==== Records shown ====

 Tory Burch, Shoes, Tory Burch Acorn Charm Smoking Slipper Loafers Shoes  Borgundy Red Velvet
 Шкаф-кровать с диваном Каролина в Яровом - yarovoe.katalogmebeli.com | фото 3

====
==== Records shown ====

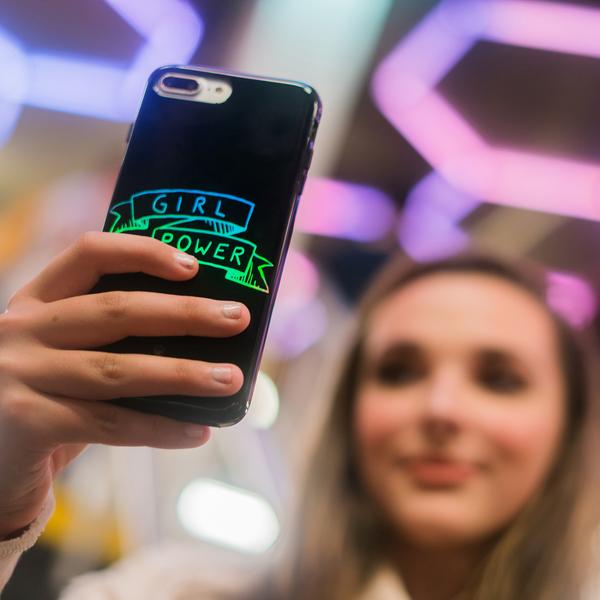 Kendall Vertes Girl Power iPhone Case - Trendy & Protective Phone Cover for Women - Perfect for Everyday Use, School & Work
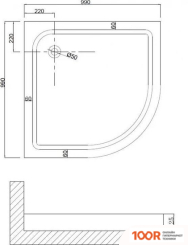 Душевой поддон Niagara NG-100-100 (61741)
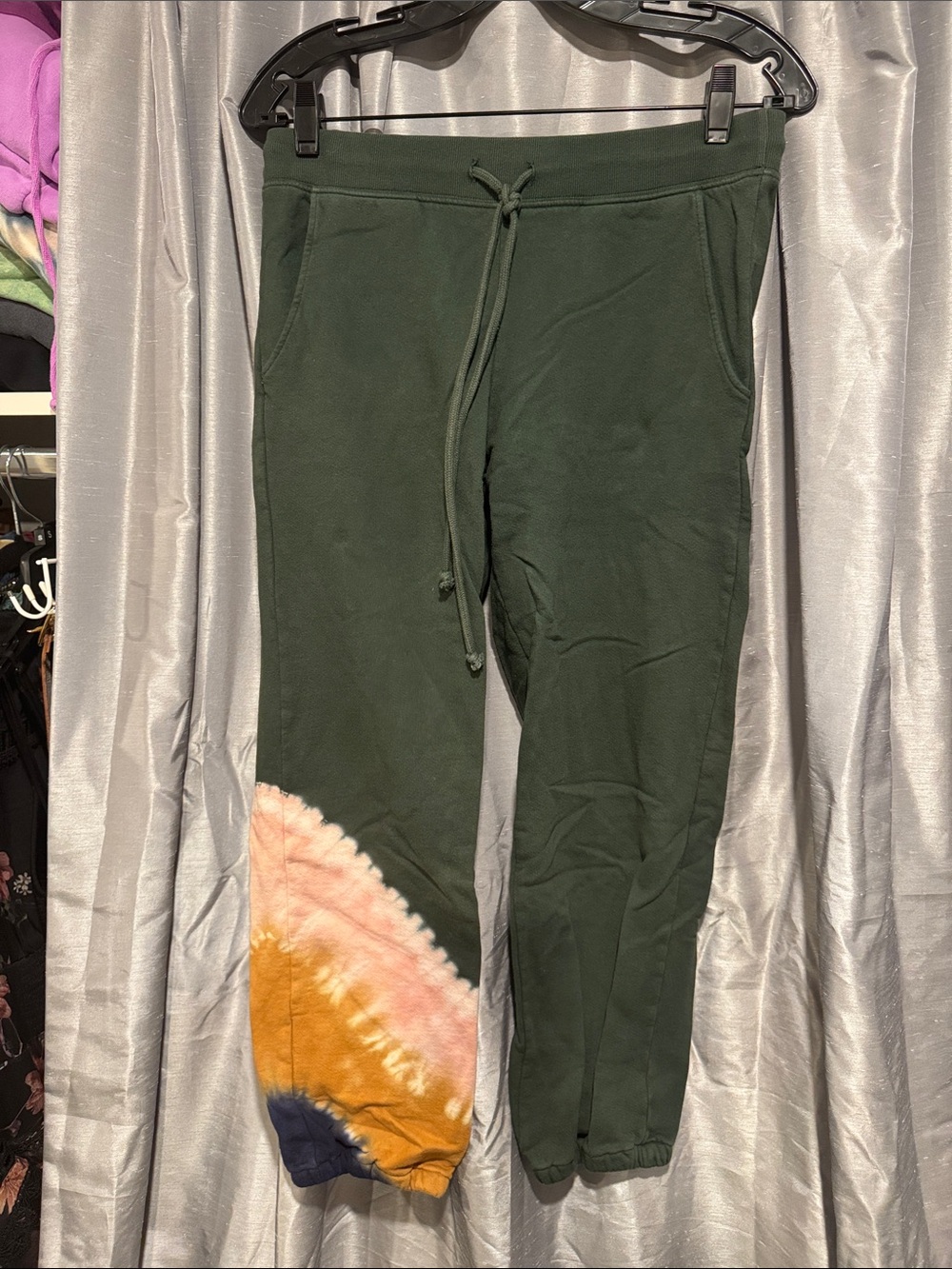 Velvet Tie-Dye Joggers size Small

====

Quote the data above from the line containing "Tory Burch, Shoes, Tory" to the line containing "Шкаф-кровать с диваном", inclusive, and stop.

 Tory Burch, Shoes, Tory Burch Acorn Charm Smoking Slipper Loafers Shoes  Borgundy Red Velvet
 Шкаф-кровать с диваном Каролина в Яровом - yarovoe.katalogmebeli.com | фото 3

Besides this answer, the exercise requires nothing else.